(Beginning of Data)

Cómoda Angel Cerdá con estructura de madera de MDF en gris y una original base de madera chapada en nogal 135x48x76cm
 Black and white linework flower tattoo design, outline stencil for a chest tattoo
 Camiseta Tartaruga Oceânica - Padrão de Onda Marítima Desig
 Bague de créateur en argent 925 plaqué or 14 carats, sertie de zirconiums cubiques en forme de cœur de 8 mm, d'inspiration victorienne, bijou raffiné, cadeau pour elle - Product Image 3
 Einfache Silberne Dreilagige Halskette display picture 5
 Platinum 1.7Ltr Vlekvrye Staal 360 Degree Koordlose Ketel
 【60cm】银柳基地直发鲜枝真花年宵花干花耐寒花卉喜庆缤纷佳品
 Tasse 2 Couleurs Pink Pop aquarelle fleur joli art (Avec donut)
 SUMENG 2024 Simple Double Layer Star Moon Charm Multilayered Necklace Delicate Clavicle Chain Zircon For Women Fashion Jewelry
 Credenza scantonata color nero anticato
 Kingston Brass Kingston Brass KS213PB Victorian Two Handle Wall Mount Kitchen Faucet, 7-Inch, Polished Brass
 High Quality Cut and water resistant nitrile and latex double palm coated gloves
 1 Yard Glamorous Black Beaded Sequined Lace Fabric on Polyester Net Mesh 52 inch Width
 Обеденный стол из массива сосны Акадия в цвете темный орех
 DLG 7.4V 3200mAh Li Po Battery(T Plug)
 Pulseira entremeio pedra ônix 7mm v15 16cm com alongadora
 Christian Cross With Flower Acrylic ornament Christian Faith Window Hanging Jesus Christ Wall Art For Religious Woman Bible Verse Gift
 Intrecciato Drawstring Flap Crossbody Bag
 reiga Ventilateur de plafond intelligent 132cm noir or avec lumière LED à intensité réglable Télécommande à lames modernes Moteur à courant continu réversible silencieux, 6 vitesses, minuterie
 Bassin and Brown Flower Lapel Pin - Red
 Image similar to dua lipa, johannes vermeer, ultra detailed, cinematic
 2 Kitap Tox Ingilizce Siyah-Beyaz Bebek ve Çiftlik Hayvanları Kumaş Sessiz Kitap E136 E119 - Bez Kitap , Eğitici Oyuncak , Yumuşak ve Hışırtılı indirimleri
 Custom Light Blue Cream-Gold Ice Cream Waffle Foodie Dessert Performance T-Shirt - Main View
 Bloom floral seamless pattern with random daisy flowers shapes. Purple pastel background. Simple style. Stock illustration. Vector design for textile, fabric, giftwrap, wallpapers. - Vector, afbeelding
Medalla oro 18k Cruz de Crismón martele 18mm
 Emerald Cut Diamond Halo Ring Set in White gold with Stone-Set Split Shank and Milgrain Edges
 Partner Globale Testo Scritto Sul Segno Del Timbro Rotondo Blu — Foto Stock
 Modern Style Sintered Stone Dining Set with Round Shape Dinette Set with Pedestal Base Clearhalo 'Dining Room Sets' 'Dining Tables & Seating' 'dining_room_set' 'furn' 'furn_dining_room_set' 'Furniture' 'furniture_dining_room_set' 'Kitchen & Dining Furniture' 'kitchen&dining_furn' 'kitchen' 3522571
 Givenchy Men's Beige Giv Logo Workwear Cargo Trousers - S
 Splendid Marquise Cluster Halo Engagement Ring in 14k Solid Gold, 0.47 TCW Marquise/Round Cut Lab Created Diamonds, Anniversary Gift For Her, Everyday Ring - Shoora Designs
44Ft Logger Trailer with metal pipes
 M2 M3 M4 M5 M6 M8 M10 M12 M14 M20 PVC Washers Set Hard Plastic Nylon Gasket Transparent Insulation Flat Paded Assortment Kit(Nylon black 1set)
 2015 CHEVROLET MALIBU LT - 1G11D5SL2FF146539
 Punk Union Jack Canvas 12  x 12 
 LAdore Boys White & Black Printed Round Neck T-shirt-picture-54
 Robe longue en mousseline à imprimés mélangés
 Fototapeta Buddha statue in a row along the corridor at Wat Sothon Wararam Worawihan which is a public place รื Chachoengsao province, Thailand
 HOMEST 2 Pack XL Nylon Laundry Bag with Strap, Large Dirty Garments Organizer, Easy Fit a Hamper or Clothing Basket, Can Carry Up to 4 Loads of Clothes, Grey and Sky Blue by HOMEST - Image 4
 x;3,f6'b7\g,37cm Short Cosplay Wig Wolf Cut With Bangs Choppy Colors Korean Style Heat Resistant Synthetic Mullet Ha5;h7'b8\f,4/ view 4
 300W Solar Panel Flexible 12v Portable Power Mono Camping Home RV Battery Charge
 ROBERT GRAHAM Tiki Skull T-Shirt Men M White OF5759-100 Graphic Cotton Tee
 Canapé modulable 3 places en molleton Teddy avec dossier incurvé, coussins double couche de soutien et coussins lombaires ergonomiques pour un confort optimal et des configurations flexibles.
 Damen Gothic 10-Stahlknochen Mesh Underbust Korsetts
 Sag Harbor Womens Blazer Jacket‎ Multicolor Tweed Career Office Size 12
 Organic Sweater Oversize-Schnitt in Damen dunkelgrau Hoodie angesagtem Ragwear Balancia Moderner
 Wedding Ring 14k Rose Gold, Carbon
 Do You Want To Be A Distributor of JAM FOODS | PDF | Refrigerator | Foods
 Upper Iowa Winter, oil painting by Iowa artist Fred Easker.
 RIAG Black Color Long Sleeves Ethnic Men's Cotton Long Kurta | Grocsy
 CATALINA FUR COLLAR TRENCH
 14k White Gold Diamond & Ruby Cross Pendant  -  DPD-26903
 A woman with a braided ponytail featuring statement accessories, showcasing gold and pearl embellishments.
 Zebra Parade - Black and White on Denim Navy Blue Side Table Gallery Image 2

(End of Data)

■ What this task involves ■
Reproduce exactly, and only, the part of the listing above that begins at the line with "Bassin and Brown Flower Lapel Pin - Red" and goes on through the line with "2 Kitap Tox".

■ Response ■
 Bassin and Brown Flower Lapel Pin - Red
 Image similar to dua lipa, johannes vermeer, ultra detailed, cinematic
 2 Kitap Tox Ingilizce Siyah-Beyaz Bebek ve Çiftlik Hayvanları Kumaş Sessiz Kitap E136 E119 - Bez Kitap , Eğitici Oyuncak , Yumuşak ve Hışırtılı indirimleri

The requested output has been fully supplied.